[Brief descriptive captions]
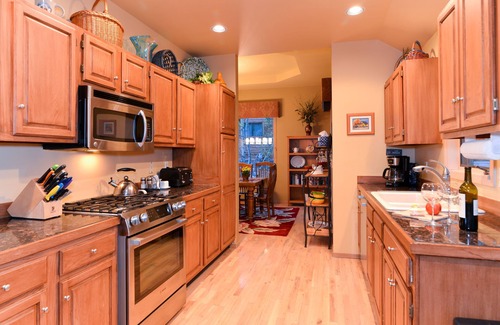 Warrior's Mark West House | Pemberley - Ski In/Out Luxurious 2 Master Suites + 2 bdrms/Nr. Pk 9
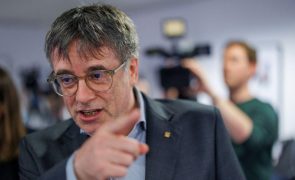 Puigdemont regressou hoje a Espanha e arrisca detenção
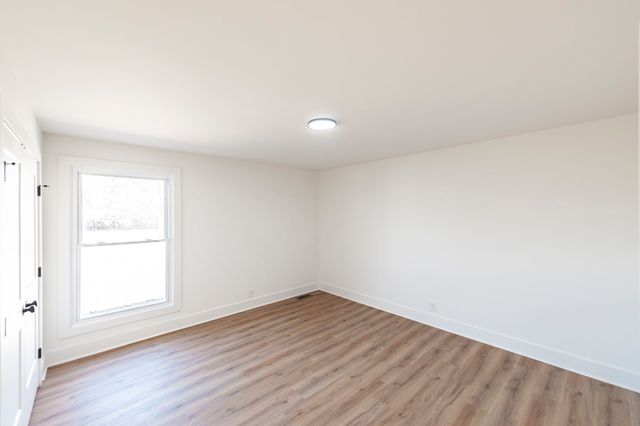 704 Emily Dr, Goodlettsville, TN 37072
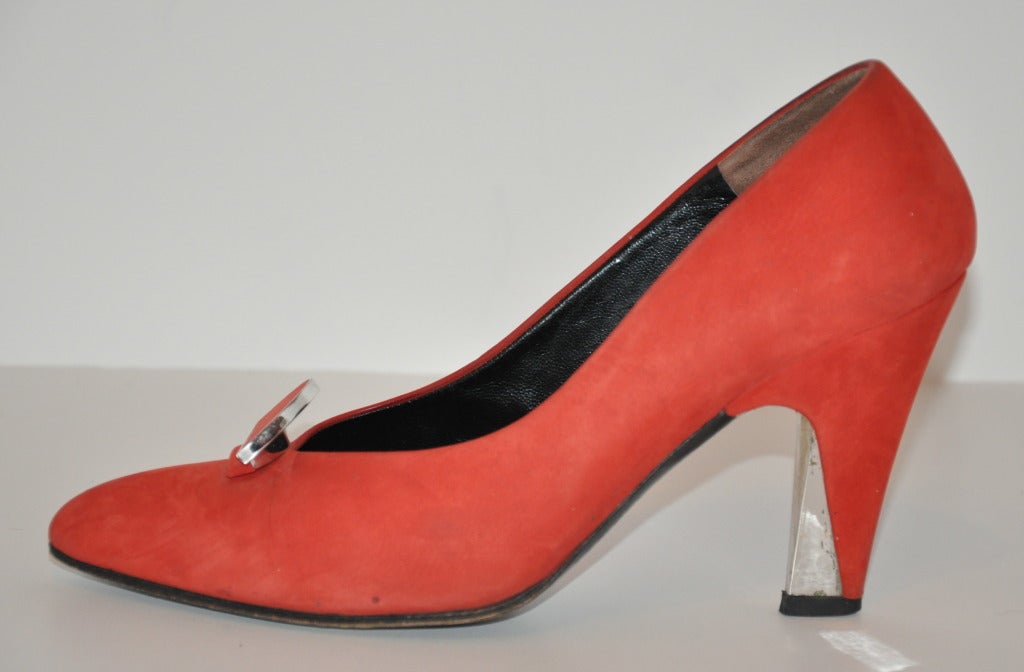 Charles Jourdan Fire-Red Suede Pumps In Good Condition In New York, NY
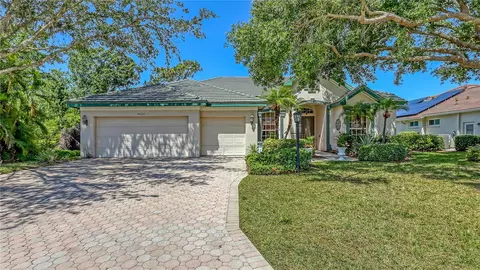 4920 Woodhurst Dr, Sarasota, FL 34243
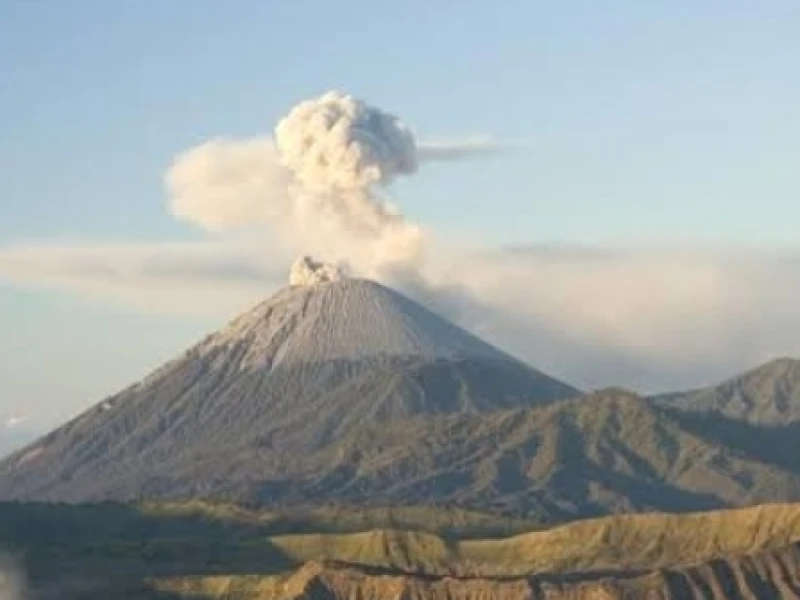 Gunung Semeru Meletus, Warga Dilarang Beraktivitas di Radius 13 Kilometer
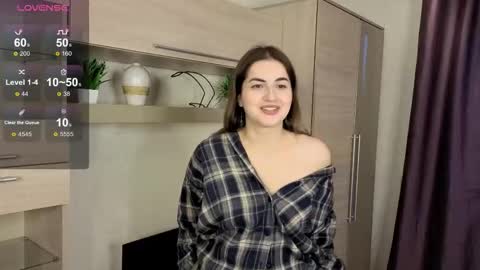 Maria online show from October 13, 2025, 2:28 pm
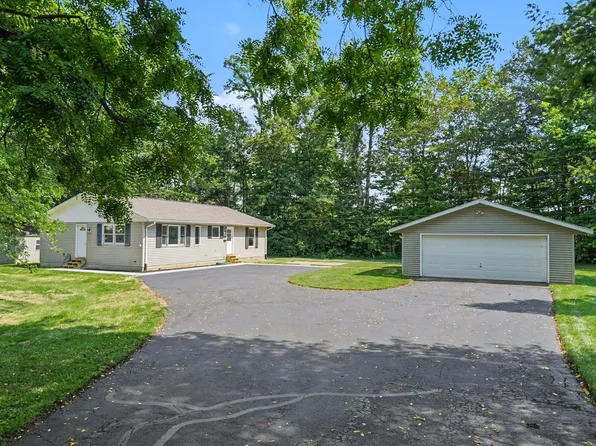 410 N Bluff St, Berrien Springs, MI 49103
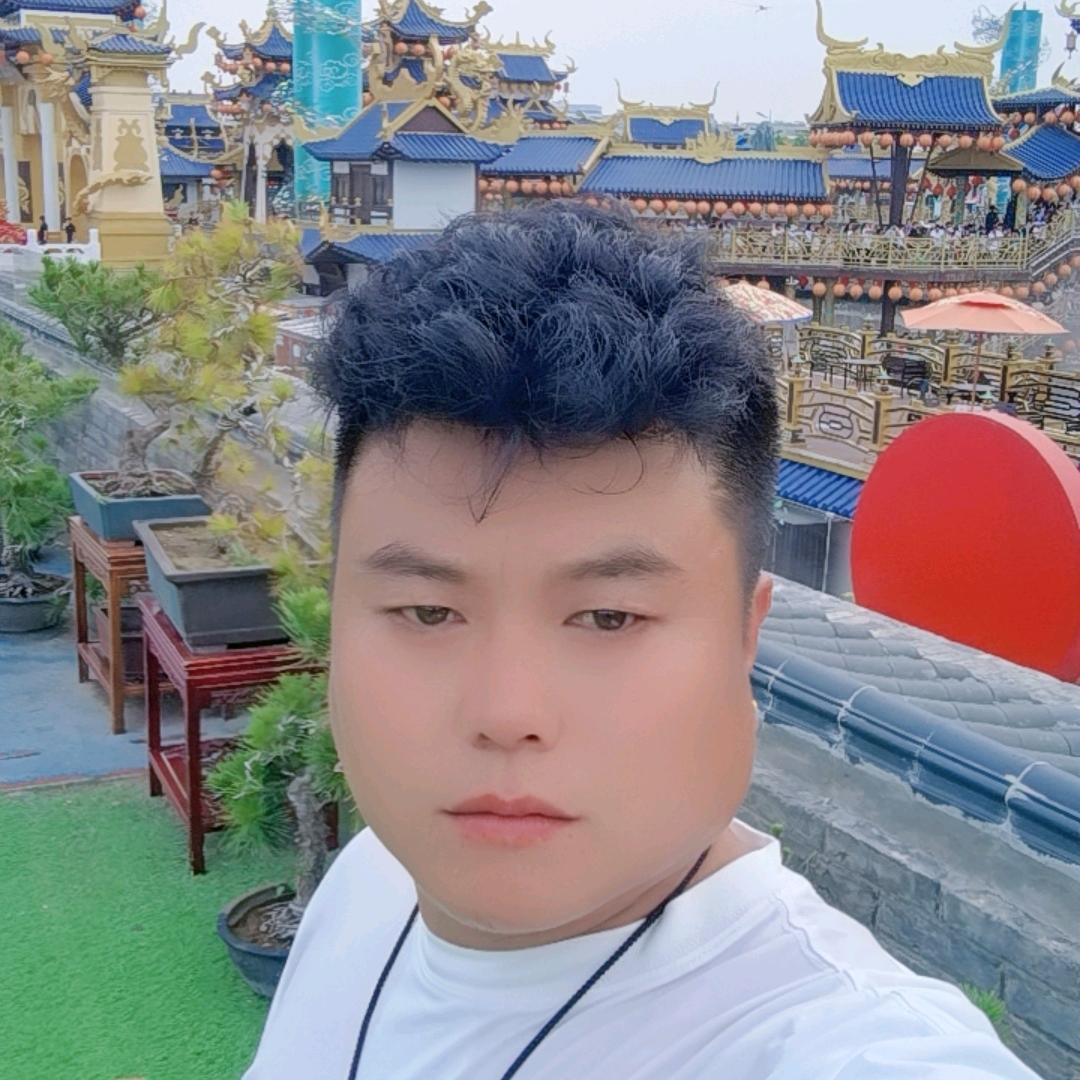 开心快乐。就好。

### Work required
Return, exactly as they appear, the lines from the line containing "704 Emily Dr, Goodlettsville, TN 37072" through the end of the records above, both ends included, without pictures.

### Solution
 704 Emily Dr, Goodlettsville, TN 37072
 Charles Jourdan Fire-Red Suede Pumps In Good Condition In New York, NY
 4920 Woodhurst Dr, Sarasota, FL 34243
 Gunung Semeru Meletus, Warga Dilarang Beraktivitas di Radius 13 Kilometer
 Maria online show from October 13, 2025, 2:28 pm
 410 N Bluff St, Berrien Springs, MI 49103
 开心快乐。就好。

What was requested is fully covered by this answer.